Same with code generation. LLMs are great for templating trivial things ("give me a set of python dataclasses matching this openapi spec/example request"), but completely fall down when it comes to anything that more complex than that which also needs to be maintained. Seeing the terrible PRs submitted by colleagues who don't even stop to think "is this code even necessary" before generating 300 lines of technical debt really reinforces that it's not you who missed something - it's them.
I can really recommend the book "building a large language model from scratch", which walks you through building GPT2. Aside from making a pet bullshit generator being a fun exercise, it really pulls back the curtain on the whole "LLMs are just one step from being a self-aware super intelligence" spiel.
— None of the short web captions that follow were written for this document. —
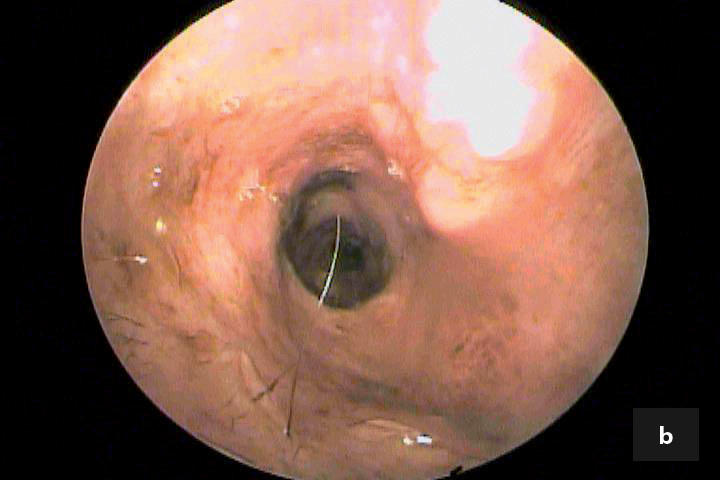 vertical and horizontal ear canals 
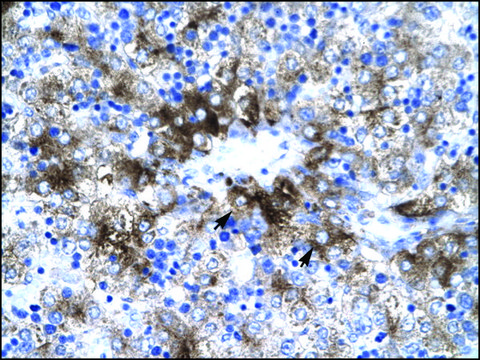 Anti-PIAS3 antibody produced in rabbit IgG fraction of antiserum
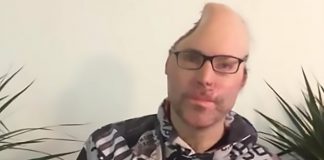 Nemecký rapper prišiel pri výbuchu svojho domáceho drogového labáku o polovicu lebky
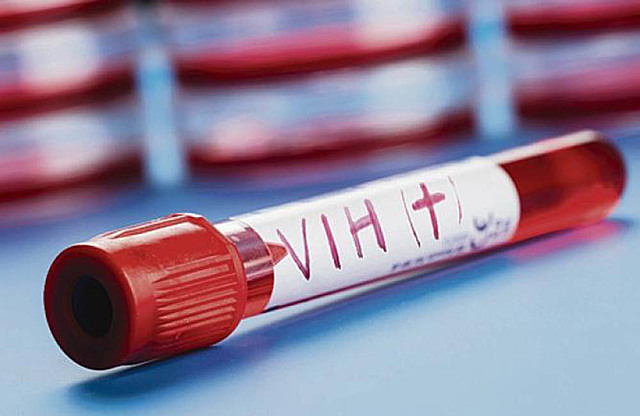 Se descubrió el SIDA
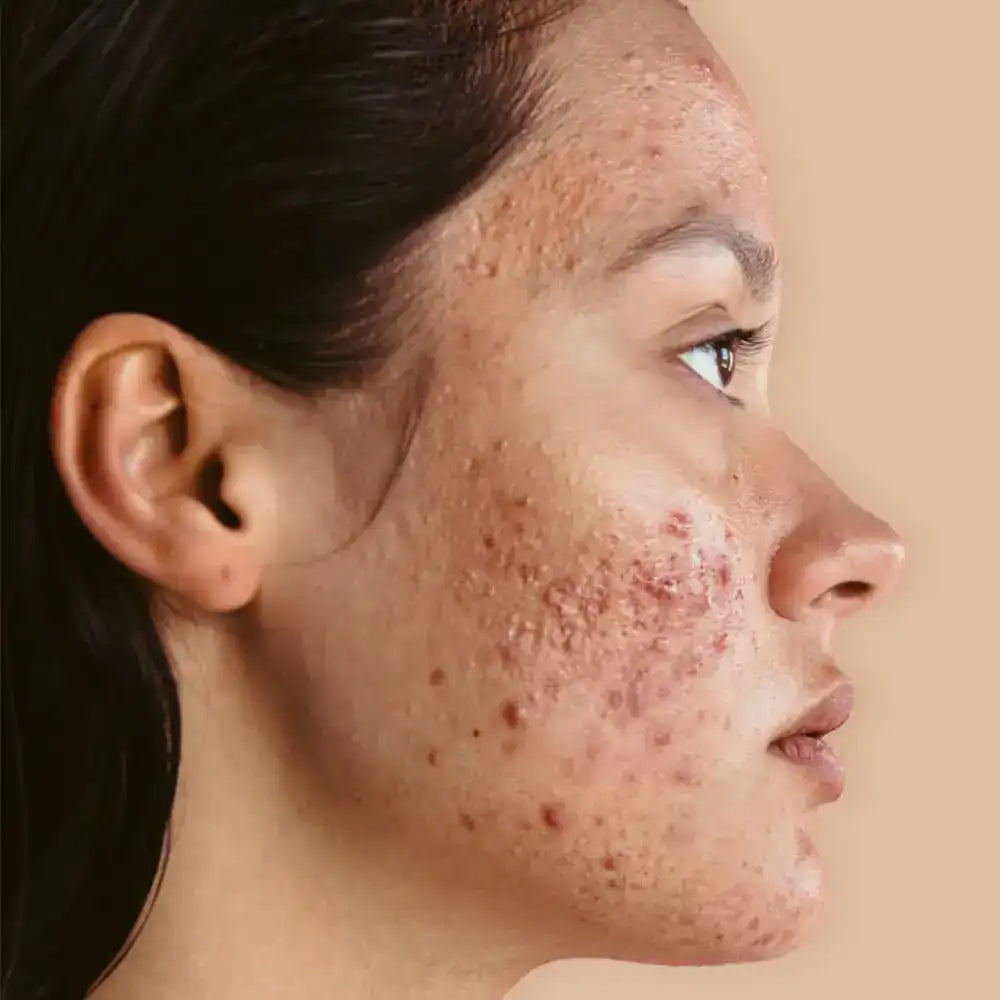 Woman with visible acne breakouts associated with hormonal skin changes and oil production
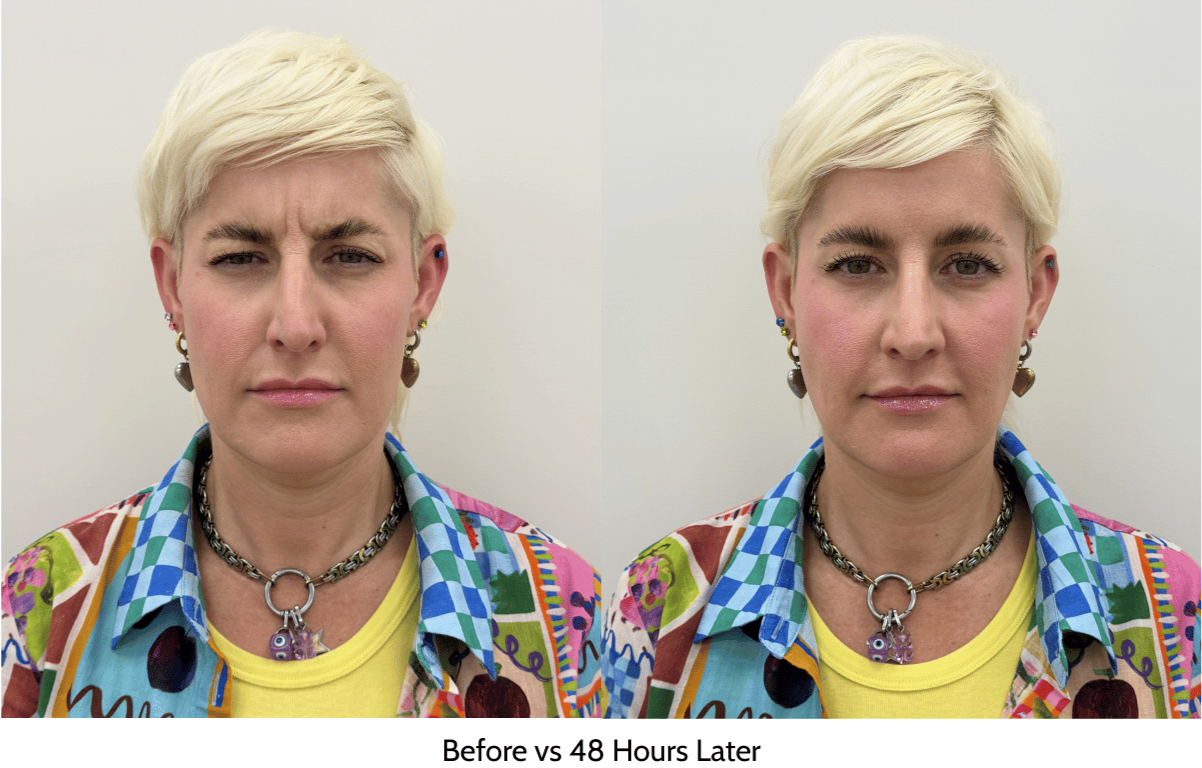 Discover Relfydess: The new fast-acting neurotoxin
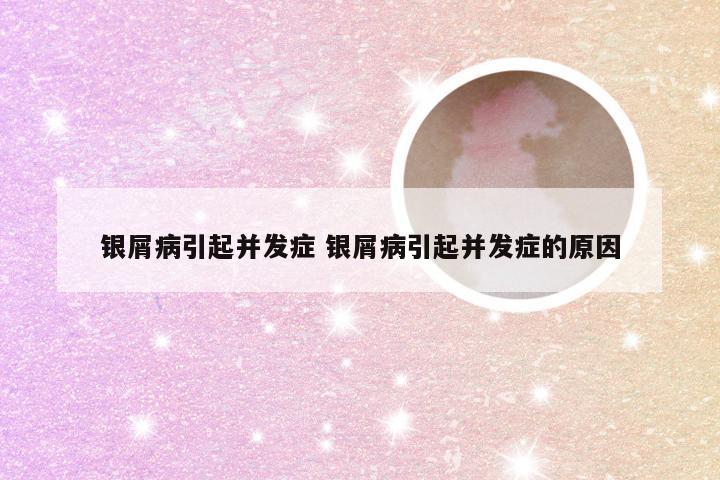 银屑病引起并发症 银屑病引起并发症的原因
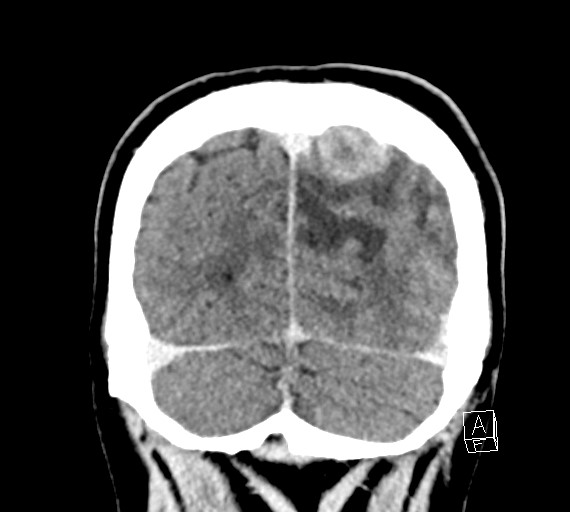 Cerebral metastases - testicular choriocarcinoma (Radiopaedia 84486-99855 D 53).jpg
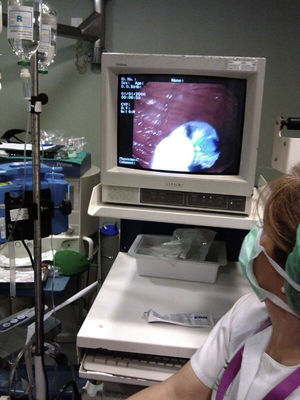Placement of the intragastric balloon.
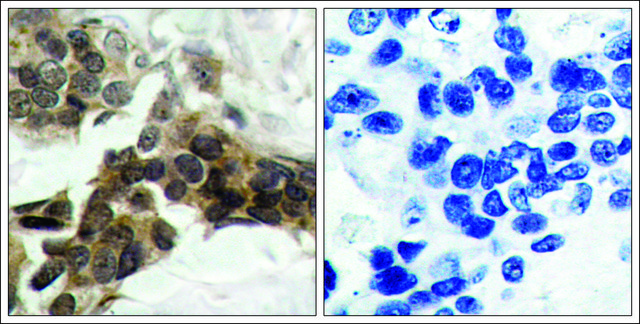 Anti-phospho-NFKBIA (pSer32/pSer36) antibody produced in rabbit affinity isolated antibody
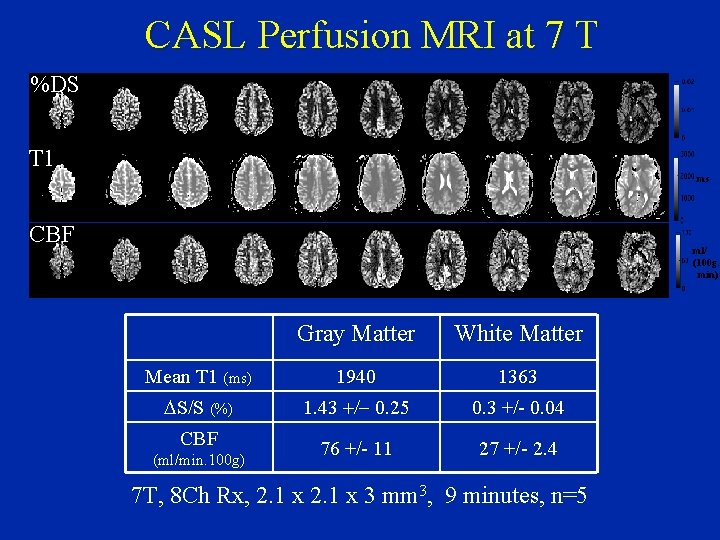 CASL Perfusion MRI at 7 T %DS T 1 ms CBF ml/ (100 g.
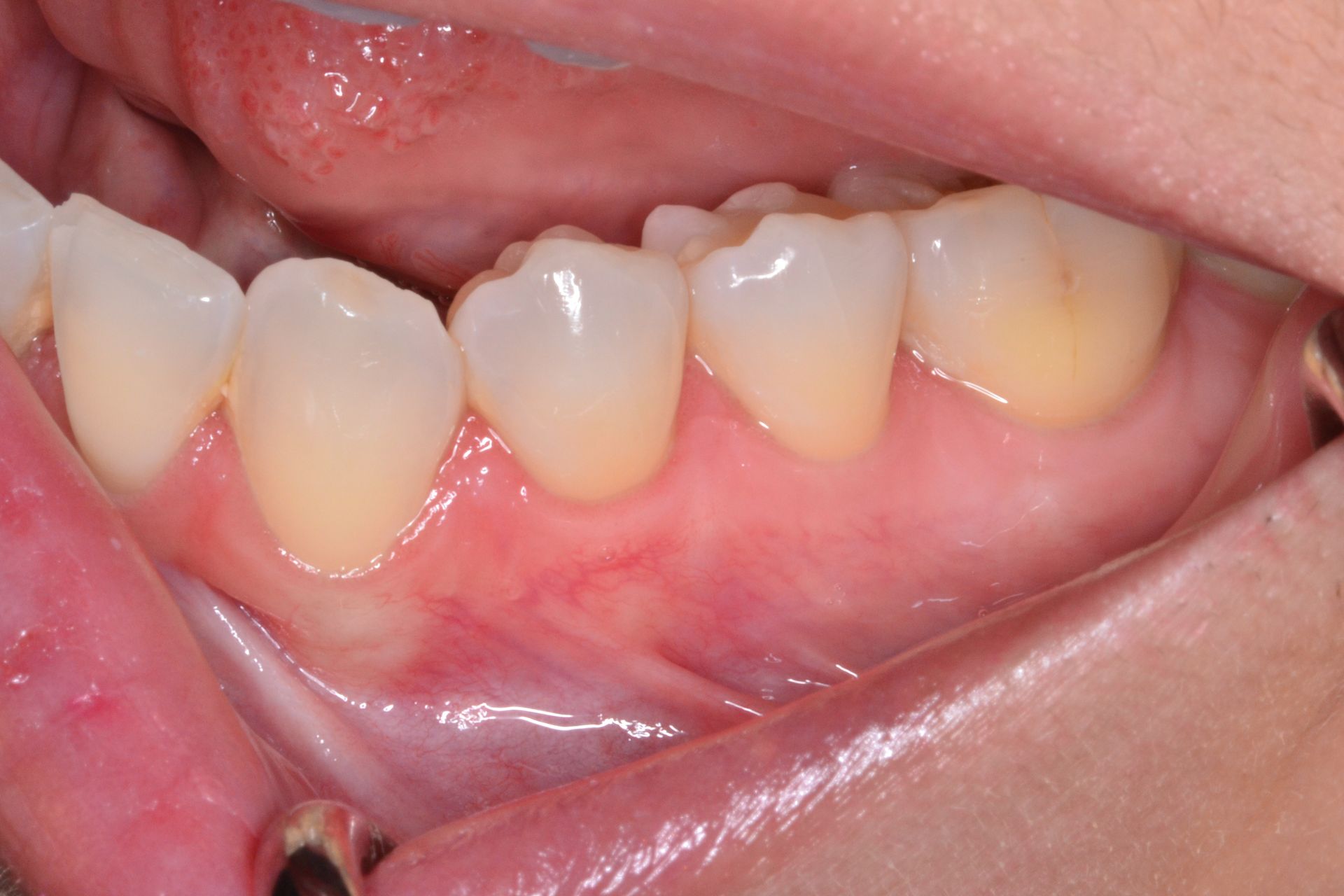 Close-up view of a person's lower teeth and gums, showing slight yellowing and healthy pink gums.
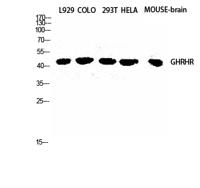 GHRH-R Polyclonal Antibody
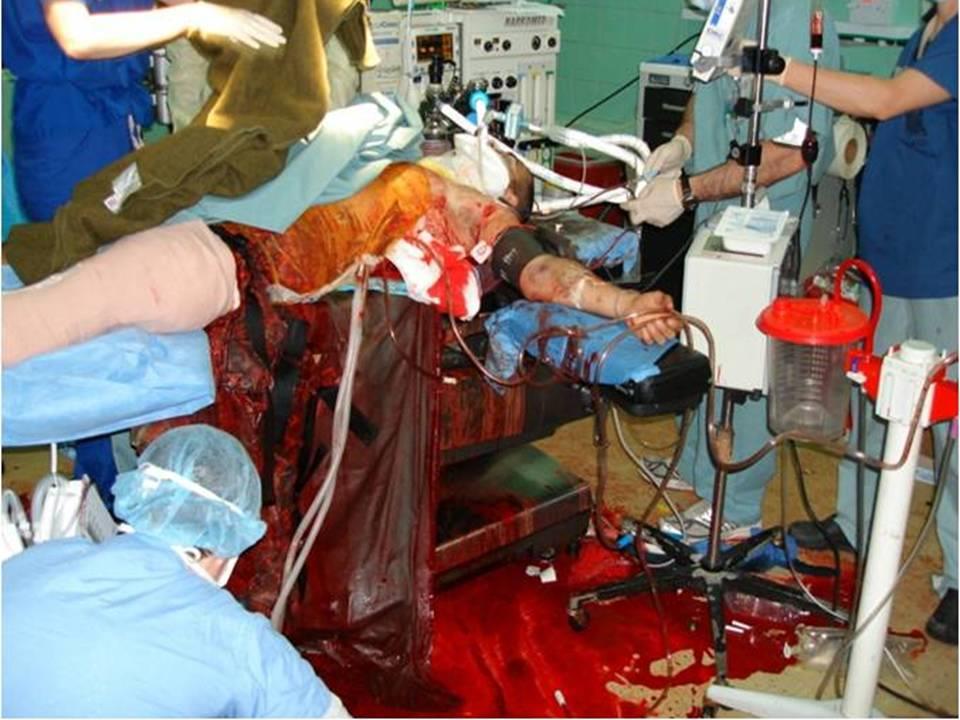 9. Transfusionen 9.3 Notfalltransfusionen (1/2) In Notfällen.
The thing that separates OpenAI and friends from anyone with a bit of Python experience and basic understanding of matrix multiplications isn't some mythical AI secret sauce; it's just having access to more bandwidth and GPU compute.
That said, I still worry sometimes about the effect the AI hype will have on the world, but the realization that the danger is just the same old large scale irrational hype capitalism that's already fucking us, and not some new scary alien technology with the power to reshape reality, makes it infinitely less anxiety-inducing.
EDIT: and before some smartass comes along to crow about how more recent LLMs are nothing like GPT2: they're just minor iterations on the same concept with a few improvements that are so obvious they could have been a BSc thesis, if BSc theses had access to infinite GPUs.